-- PROBLEM DETAILS --
Reproduce, from the lines below, exactly the stretch that begins at the line containing "Kortärmad tröja i" and ends at the line containing "Two young senegalese", both included.

-- SUPPLIED DATA --
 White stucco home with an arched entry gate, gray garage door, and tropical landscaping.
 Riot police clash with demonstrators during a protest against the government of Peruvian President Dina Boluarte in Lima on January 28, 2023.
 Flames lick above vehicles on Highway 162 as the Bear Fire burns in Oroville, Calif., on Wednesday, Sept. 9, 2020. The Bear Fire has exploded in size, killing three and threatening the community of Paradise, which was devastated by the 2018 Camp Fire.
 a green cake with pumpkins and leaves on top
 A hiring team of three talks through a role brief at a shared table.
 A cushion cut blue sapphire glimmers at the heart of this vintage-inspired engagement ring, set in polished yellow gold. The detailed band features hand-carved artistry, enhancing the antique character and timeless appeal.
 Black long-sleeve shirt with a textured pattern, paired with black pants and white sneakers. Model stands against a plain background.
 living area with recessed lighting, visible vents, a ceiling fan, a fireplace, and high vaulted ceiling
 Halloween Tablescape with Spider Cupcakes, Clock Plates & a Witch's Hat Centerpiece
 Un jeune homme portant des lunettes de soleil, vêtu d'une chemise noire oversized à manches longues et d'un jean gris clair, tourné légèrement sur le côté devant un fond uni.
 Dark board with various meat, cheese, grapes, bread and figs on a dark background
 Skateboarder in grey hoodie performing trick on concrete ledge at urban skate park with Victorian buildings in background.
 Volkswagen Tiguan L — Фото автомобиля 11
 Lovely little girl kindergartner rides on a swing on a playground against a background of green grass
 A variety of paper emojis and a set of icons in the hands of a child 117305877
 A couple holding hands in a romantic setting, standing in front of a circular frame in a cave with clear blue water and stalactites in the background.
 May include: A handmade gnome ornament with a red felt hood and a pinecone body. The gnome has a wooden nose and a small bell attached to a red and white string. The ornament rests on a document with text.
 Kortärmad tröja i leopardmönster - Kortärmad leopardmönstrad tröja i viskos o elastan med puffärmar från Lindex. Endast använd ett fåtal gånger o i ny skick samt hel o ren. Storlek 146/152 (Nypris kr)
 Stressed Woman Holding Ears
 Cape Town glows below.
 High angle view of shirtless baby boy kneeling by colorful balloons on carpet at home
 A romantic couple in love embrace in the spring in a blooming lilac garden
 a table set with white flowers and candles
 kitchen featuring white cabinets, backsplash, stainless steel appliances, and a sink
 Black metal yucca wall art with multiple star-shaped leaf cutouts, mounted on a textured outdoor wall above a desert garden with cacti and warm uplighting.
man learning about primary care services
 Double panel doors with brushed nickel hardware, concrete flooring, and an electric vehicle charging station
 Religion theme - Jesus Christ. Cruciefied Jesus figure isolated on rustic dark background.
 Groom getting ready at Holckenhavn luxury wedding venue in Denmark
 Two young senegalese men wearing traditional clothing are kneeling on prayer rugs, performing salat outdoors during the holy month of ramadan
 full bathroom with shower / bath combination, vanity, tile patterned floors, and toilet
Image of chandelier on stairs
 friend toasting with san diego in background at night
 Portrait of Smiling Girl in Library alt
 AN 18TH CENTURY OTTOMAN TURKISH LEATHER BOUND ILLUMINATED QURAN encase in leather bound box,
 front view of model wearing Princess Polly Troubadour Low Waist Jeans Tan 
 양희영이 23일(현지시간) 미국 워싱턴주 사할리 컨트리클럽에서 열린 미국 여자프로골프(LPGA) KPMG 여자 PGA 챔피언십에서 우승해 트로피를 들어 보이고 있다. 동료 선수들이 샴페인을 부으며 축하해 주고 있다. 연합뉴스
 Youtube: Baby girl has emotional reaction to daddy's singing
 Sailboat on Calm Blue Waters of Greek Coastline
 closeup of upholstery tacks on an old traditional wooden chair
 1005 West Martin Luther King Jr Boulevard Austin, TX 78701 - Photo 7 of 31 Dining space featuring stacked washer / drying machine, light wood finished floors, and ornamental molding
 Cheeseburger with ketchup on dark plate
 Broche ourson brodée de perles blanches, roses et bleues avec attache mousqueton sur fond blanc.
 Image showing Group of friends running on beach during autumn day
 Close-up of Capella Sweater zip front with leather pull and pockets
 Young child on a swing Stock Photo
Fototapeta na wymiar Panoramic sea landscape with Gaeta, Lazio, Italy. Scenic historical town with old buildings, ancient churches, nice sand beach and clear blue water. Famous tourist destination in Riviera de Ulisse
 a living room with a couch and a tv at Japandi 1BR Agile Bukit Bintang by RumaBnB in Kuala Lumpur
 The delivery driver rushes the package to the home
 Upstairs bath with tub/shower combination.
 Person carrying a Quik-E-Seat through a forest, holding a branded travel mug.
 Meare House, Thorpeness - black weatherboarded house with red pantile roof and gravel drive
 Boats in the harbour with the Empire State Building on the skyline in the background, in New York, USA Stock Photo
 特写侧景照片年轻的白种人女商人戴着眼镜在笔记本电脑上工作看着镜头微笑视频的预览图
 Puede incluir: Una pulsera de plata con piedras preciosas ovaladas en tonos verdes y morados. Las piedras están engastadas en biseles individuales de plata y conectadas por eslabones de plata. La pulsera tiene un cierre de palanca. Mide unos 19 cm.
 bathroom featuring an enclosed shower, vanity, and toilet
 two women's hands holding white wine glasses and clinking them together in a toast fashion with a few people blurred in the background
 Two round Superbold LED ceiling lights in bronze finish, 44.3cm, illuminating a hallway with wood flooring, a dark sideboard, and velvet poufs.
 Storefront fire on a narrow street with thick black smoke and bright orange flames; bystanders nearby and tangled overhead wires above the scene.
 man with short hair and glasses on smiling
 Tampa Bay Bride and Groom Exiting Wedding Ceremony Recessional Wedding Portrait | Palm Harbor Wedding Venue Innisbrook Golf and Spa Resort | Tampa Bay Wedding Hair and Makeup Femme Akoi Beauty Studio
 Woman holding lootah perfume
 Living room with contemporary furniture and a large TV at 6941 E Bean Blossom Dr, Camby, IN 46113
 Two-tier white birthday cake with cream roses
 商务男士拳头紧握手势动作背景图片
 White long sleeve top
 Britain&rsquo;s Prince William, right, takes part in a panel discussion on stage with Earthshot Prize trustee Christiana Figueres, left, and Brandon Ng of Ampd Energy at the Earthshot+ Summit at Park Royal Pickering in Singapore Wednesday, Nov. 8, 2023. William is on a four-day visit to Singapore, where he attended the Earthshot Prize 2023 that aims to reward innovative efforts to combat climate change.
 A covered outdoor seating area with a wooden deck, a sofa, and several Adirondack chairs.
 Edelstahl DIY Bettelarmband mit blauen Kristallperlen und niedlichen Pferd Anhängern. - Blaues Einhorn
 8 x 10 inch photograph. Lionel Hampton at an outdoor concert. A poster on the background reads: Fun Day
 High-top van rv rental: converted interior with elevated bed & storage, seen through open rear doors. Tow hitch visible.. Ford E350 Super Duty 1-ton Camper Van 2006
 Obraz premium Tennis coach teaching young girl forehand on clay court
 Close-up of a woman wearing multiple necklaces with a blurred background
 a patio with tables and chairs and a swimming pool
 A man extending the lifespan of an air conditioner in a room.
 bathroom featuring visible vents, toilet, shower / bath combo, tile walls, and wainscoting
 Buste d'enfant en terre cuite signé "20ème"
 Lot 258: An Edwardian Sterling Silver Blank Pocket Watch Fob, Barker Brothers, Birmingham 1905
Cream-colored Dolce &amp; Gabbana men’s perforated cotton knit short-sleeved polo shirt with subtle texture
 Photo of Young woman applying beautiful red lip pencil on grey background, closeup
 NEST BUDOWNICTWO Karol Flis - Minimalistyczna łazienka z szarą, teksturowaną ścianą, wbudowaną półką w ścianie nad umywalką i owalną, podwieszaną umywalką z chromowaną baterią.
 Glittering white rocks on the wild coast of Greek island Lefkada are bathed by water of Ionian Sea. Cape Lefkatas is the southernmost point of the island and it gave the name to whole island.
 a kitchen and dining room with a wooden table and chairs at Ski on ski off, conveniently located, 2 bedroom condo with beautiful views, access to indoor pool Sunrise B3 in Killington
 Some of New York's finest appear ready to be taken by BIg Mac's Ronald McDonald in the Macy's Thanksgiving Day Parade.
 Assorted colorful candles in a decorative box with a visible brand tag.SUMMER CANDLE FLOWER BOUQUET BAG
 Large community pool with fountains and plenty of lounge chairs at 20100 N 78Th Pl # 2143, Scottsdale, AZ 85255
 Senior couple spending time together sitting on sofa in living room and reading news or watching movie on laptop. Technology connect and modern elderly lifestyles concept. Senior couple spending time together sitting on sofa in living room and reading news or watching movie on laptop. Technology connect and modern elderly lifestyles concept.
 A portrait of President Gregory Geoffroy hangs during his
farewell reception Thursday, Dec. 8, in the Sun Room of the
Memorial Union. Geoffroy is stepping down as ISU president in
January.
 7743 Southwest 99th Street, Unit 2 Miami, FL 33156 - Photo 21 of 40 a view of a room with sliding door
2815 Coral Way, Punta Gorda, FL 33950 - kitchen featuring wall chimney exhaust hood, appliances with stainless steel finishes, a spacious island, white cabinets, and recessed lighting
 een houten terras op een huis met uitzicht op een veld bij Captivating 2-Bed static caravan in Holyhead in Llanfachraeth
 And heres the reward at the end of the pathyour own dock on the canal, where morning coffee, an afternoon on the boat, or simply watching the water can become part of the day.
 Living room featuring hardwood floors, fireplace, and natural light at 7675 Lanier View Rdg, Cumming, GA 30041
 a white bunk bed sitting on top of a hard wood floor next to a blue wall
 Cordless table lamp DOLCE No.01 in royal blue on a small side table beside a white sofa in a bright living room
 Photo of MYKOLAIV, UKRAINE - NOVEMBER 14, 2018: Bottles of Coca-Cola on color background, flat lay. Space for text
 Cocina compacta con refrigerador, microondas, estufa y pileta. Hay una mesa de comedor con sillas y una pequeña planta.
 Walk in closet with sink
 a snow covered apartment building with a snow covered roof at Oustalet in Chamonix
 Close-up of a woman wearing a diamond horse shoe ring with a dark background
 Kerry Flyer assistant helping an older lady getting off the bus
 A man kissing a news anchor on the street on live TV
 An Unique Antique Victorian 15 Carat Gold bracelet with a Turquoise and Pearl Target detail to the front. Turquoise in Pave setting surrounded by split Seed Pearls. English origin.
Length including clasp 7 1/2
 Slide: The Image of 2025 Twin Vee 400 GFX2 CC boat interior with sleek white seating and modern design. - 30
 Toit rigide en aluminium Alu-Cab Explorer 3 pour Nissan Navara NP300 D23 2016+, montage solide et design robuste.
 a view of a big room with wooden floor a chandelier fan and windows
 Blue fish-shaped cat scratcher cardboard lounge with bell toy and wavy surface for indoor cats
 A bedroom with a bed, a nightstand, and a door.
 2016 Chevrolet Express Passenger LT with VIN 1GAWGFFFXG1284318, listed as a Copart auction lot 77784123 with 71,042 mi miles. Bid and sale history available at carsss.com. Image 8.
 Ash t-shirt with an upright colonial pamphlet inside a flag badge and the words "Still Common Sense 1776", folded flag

-- WRITTEN RESPONSE --
 Kortärmad tröja i leopardmönster - Kortärmad leopardmönstrad tröja i viskos o elastan med puffärmar från Lindex. Endast använd ett fåtal gånger o i ny skick samt hel o ren. Storlek 146/152 (Nypris kr)
 Stressed Woman Holding Ears
 Cape Town glows below.
 High angle view of shirtless baby boy kneeling by colorful balloons on carpet at home
 A romantic couple in love embrace in the spring in a blooming lilac garden
 a table set with white flowers and candles
 kitchen featuring white cabinets, backsplash, stainless steel appliances, and a sink
 Black metal yucca wall art with multiple star-shaped leaf cutouts, mounted on a textured outdoor wall above a desert garden with cacti and warm uplighting.
man learning about primary care services
 Double panel doors with brushed nickel hardware, concrete flooring, and an electric vehicle charging station
 Religion theme - Jesus Christ. Cruciefied Jesus figure isolated on rustic dark background.
 Groom getting ready at Holckenhavn luxury wedding venue in Denmark
 Two young senegalese men wearing traditional clothing are kneeling on prayer rugs, performing salat outdoors during the holy month of ramadan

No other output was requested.